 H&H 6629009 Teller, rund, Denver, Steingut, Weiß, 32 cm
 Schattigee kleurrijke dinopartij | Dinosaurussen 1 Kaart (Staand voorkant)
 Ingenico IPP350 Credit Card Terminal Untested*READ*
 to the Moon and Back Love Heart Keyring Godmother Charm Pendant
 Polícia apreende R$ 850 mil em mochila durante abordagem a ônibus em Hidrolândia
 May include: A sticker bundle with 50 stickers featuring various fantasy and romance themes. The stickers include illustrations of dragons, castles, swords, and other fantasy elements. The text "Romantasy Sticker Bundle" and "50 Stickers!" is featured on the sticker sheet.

▶ _Problem description_
Only one part of the material above is to be transcribed, namely the lines starting with the line that has "Schattigee kleurrijke dinopartij" and going on through the line that has "Polícia apreende R$", exactly as they stand.

▶ _Solution to this exercise_
 Schattigee kleurrijke dinopartij | Dinosaurussen 1 Kaart (Staand voorkant)
 Ingenico IPP350 Credit Card Terminal Untested*READ*
 to the Moon and Back Love Heart Keyring Godmother Charm Pendant
 Polícia apreende R$ 850 mil em mochila durante abordagem a ônibus em Hidrolândia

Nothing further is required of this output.